**Requirement**: Using the records below, write out only the lines from the line containing "Pink Abaya and Hijab - Etsy Pink" up to and including the line containing "Faster, Pussycat! Kill!", exactly, with no pictures.

**Supplied information**:
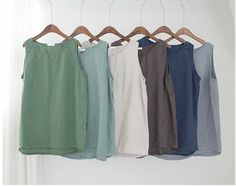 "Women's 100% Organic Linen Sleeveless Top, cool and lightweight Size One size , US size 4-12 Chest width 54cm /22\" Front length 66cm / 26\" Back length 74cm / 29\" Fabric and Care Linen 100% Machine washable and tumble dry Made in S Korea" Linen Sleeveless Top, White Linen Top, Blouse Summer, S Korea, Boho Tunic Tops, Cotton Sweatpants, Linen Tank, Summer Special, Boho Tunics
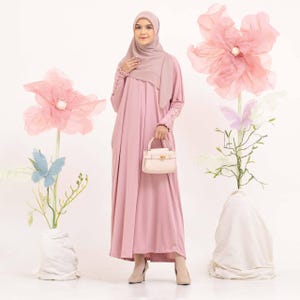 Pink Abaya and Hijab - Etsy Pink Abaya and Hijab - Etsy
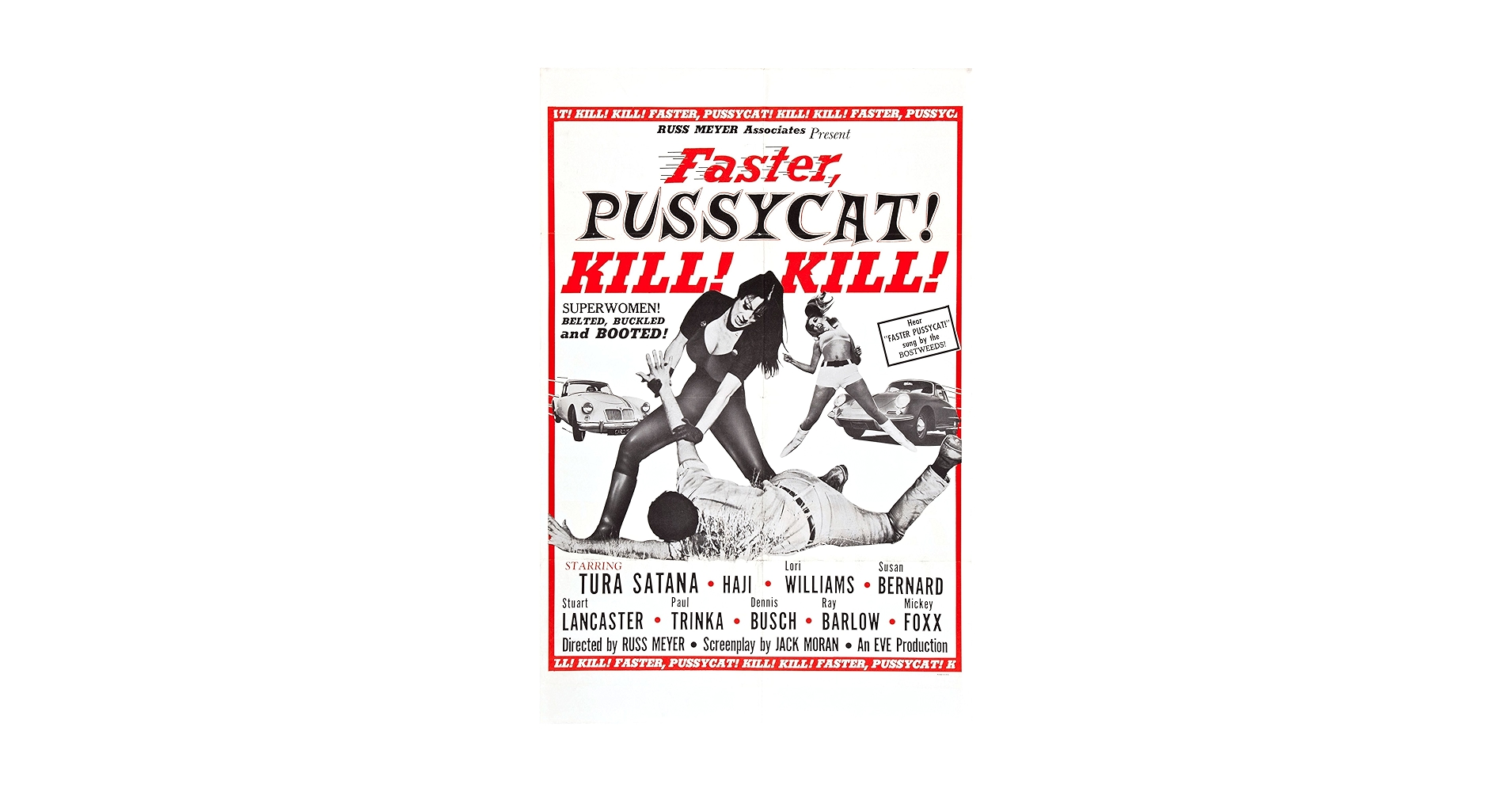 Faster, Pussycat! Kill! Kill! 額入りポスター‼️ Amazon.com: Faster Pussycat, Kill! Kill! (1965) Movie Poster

==

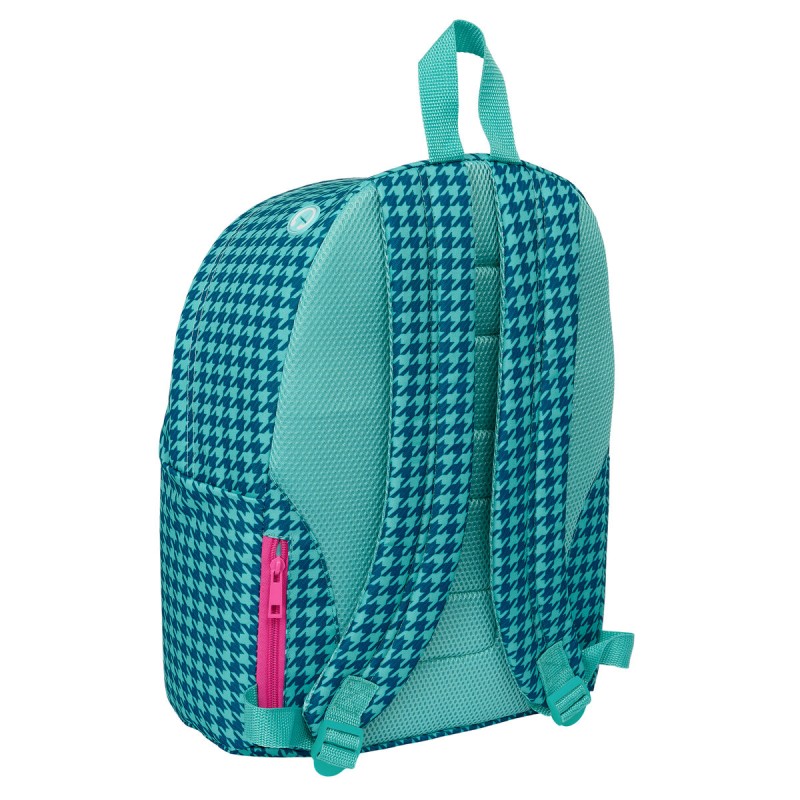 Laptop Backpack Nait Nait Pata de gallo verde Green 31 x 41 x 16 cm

* * *

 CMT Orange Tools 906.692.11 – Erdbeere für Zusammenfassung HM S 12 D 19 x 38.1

**Task solution**:
 Pink Abaya and Hijab - Etsy Pink Abaya and Hijab - Etsy
 Faster, Pussycat! Kill! Kill! 額入りポスター‼️ Amazon.com: Faster Pussycat, Kill! Kill! (1965) Movie Poster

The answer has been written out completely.